An American Middle Schooler, Orphaned by Deportation

An American Middle Schooler, Orphaned by Deportation

Originally published by the NY Times

fter color-guard practice one fall Wednesday, Fanny’s coach caught her in the parking lot getting into an Uber and wanted to know why. Fanny was still in seventh grade, a cadet on the junior team, and in the Atlanta suburb where she had spent her whole life, parents, not taxis, usually waited in the school parking lot. Coach Stephanie was concerned that a stranger was picking up a 13-year-old, but Fanny didn’t feel like explaining that she rode with strangers all the time now, or that “home” was with people who, until recently, had more or less been strangers, too. Her mother had been gone for months. Her father hadn’t been around for years. Her 22-year-old brother lived a 45-minute drive away.

“It’s fine,” Fanny said. “My brother’s tracking me on his phone, see?” She held up her iPhone. “Don’t worry,” she kept saying, and Stephanie relented, telling Fanny to text when she got home.

Fanny had practice in the local high school’s band room twice a week and competitions every few Saturdays. Sometimes she skipped when she was feeling sick or sad, but other days she wouldn’t stop rehearsing even after she got back to the quiet neighborhood where she now lived, casting her green flag up toward the yellow streetlights in the dark. In color guard, time moved in orderly counts of eight. You couldn’t stop and think; there was always a next count, a next step to get to. One, two, three, four, five, six, seven, eight, Fanny whispered.

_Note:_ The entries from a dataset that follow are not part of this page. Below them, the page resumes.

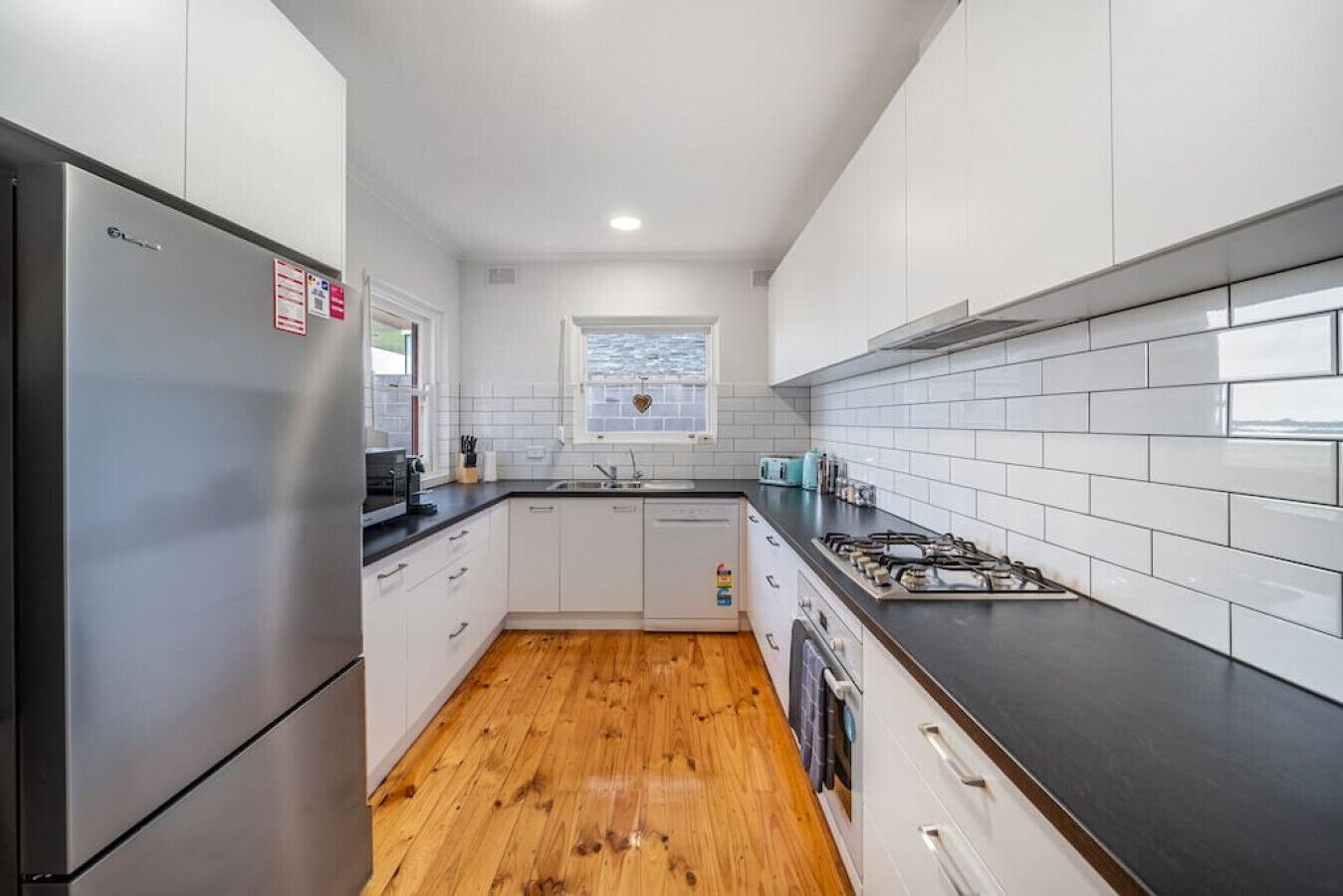 Kylskåp, mikrovågsugn, ugn och spishäll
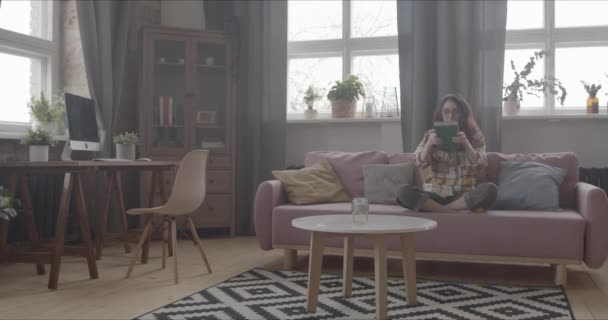 이것은 소녀가 카메라로 영상을 것입니다 4096X2160 비디오 집에서 읽기에 비디오좋아 — 비디오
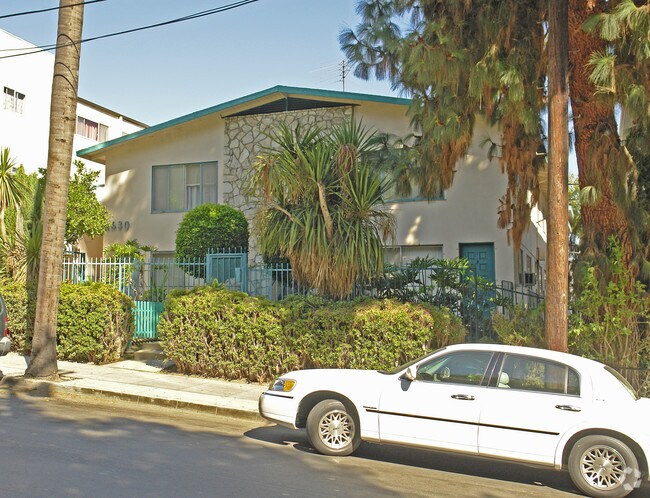 1630 - 1636 N Fuller ¡alejado - 1630 - 1636 N Fuller Ave
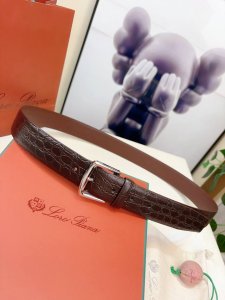Loro Piana诺悠翩雅腰带以牛皮制成，具有丝滑柔软的哑光效果。搭配精致装束的理想之选。Loro Piana 标识的镀钯饰面金属方扣，3.5㎝宽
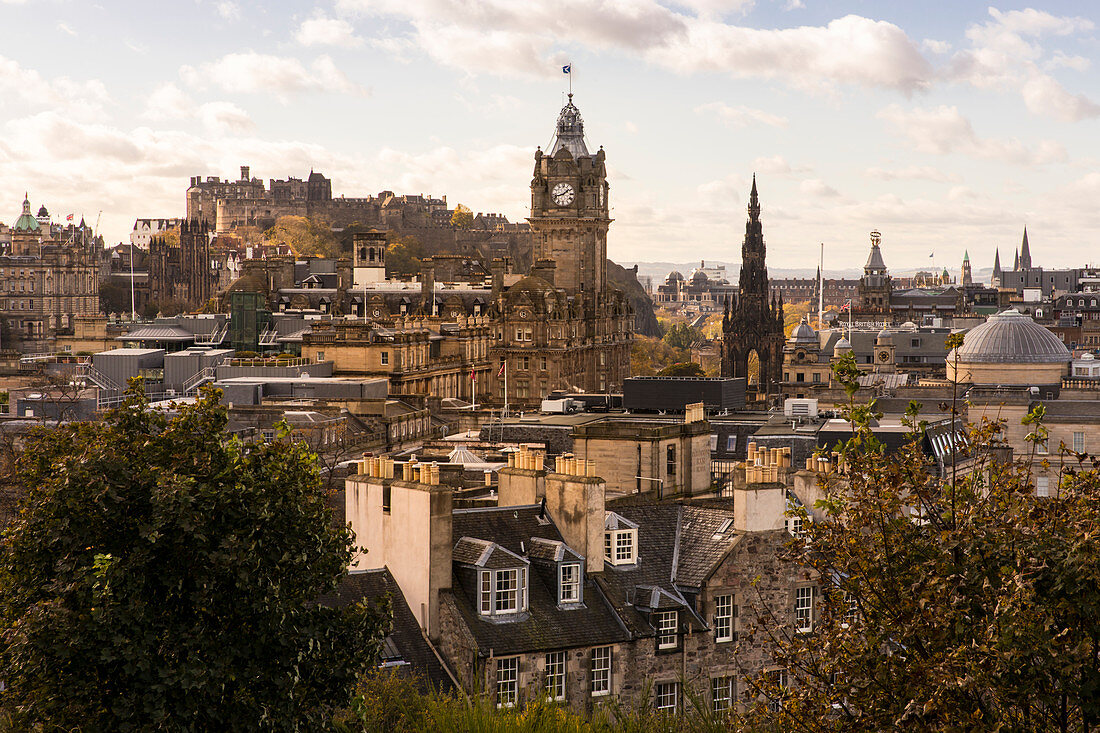 Blick vom Calton Hill auf Edinburgh Castle und Balmoral Hotel mit seinem Uhrenturm, Edinburgh, Schottland, Großbritannien, Vereinigtes Königreich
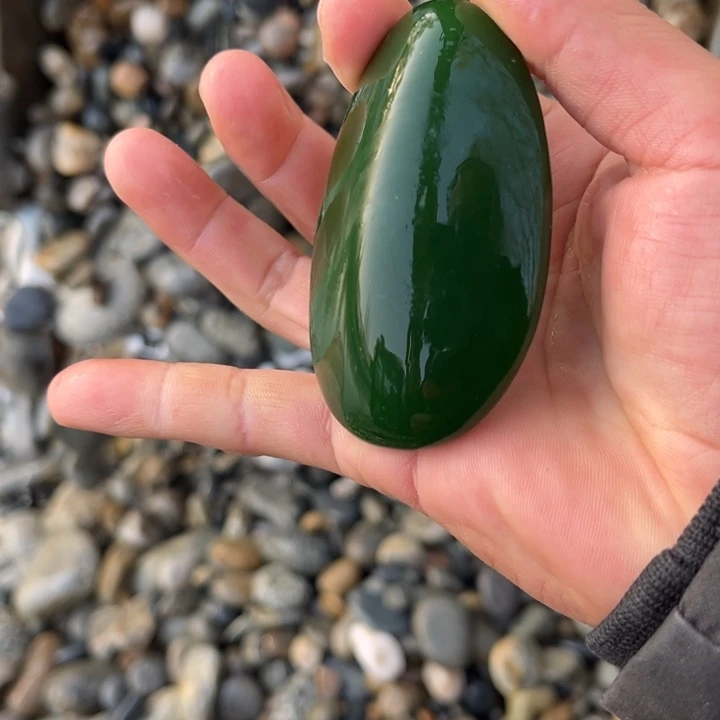 未镶嵌和田玉（糖玉）珠宝奇石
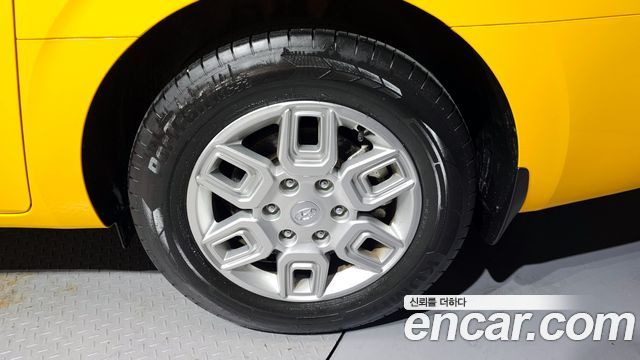 Hyundai Staria 2023 — photo 7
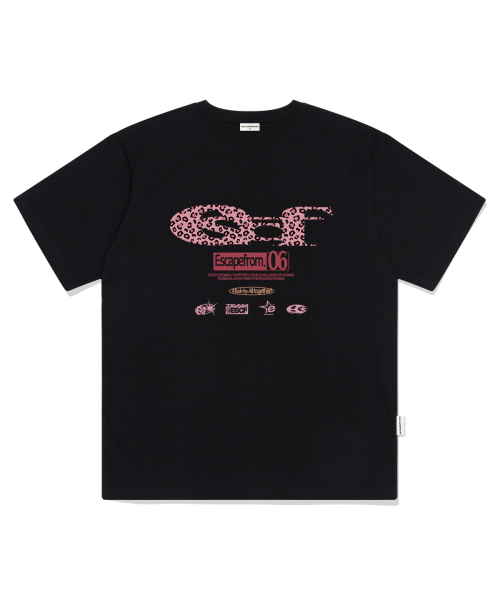 ESCAPEFROM(エスケープフロム)の「ピンクレオパード ESCFロゴコラージュプリントオーバーサイズ半袖Tシャツ ブラック(Tシャツ/カットソー・レディース・その他・SMALL/MEDIUM/LARGE)」の5枚目の写真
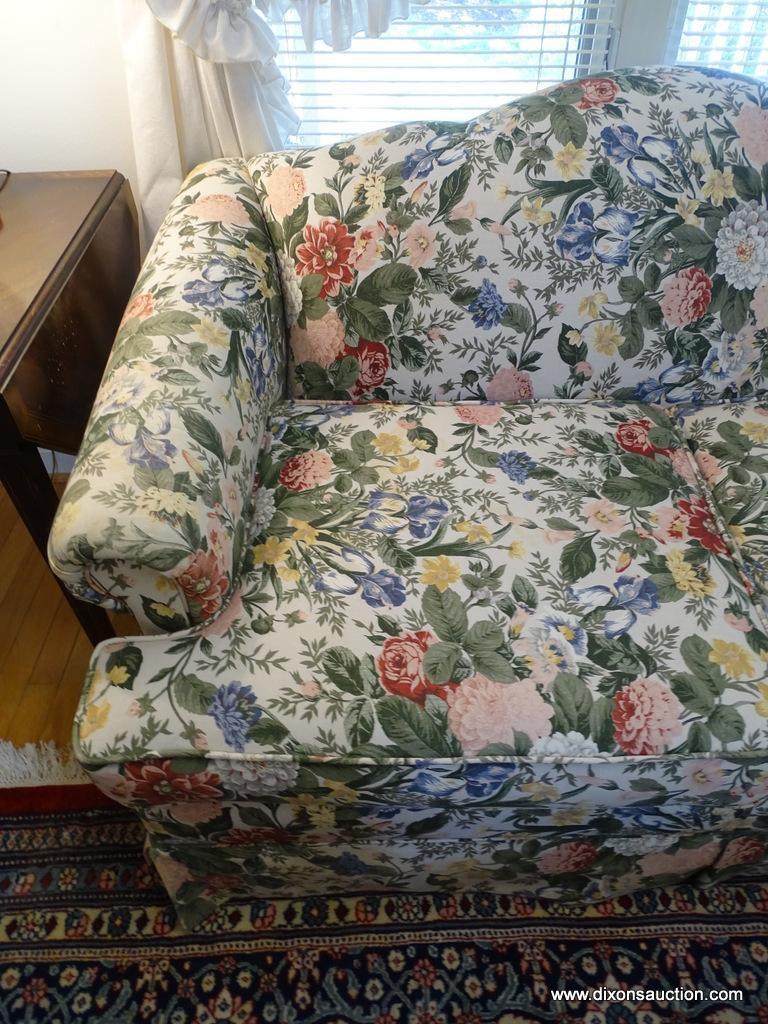 (LR) LOVESEAT; FLORAL UPHOLSTERED SOFA-VERY GOOD CONDITION- 59 IN X 35 IN X 33 IN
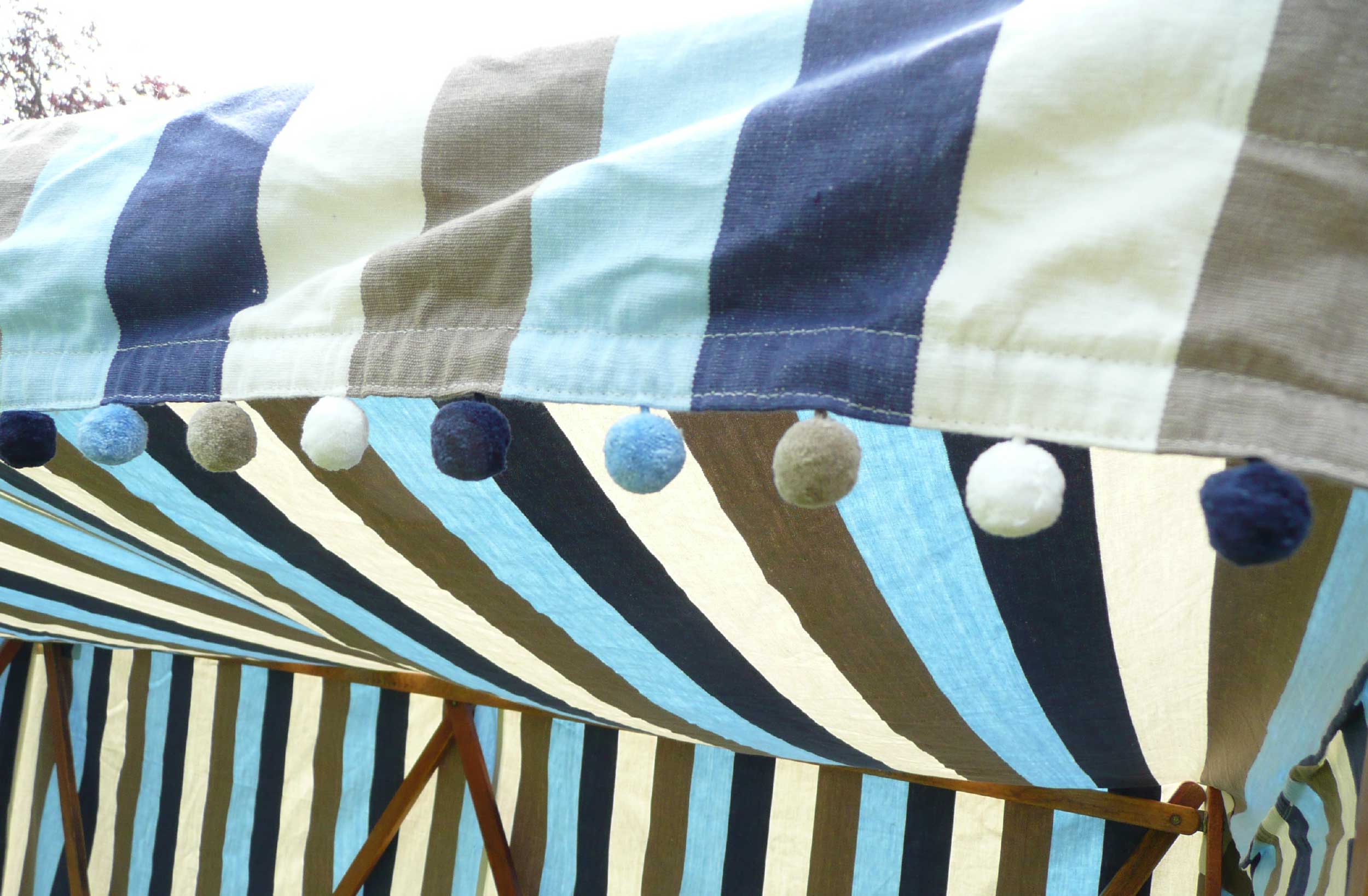 jumping-sun-shelter-pompom-trim.jpg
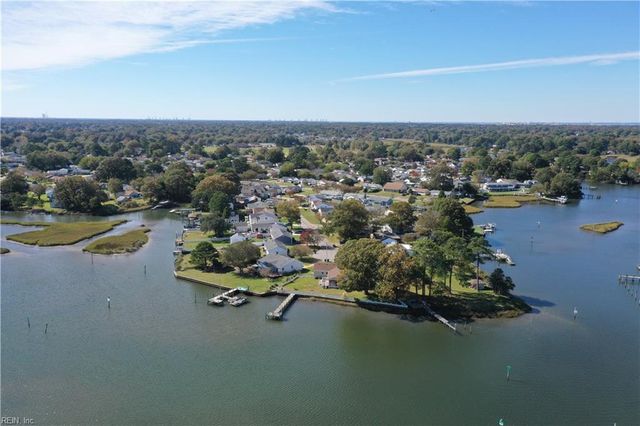 9541 12th Bay ST, Norfolk, VA 23518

The sounds of practice shushed all thought: the artificial swish of bare feet on floor mats, the swoop of flags shearing the air, the clatter of wooden rifles hitting the ground. “Can I get a whoop-whoop?” Stephanie called out every few minutes. “Whoop-whoop!” the girls chanted back. All through their routine — more modern dance than military, set to Demi Lovato’s “Warrior” — Fanny kept count under her breath. Stephanie wanted her middle school cadets to channel the emotion of the music. “Think of a sad, hard moment in your life, like a problem with your friend, or a hard math test,” Stephanie called out as they warmed up at one practice. Fanny listened, hands on hips, nodding slightly. “I want you to think you’re a warrior,” Stephanie went on. “Think of that superhero in your mind.”

Fanny had wanted to be a captain, but she never told Stephanie, and two other girls were chosen instead. Still, she couldn’t help taking charge now and then, demonstrating a tricky move to some of the more timid-looking girls, pointing out corners that needed unwrinkling when it was time to roll up the vast floor mat at the end of practice. As Stephanie issued instructions for their next competition — call times, eye-shadow color, topknots, hair spray — Fanny interjected with some practical footnotes, confirming that they had to show up at 6:45 a.m. and dispensing tips for cleaning newly pierced ears. Then Stephanie handed out invoices to the girls who still owed money for the program, and Fanny fell silent as she looked hers over. “Oh, wow,” she said. “Oh, wow.”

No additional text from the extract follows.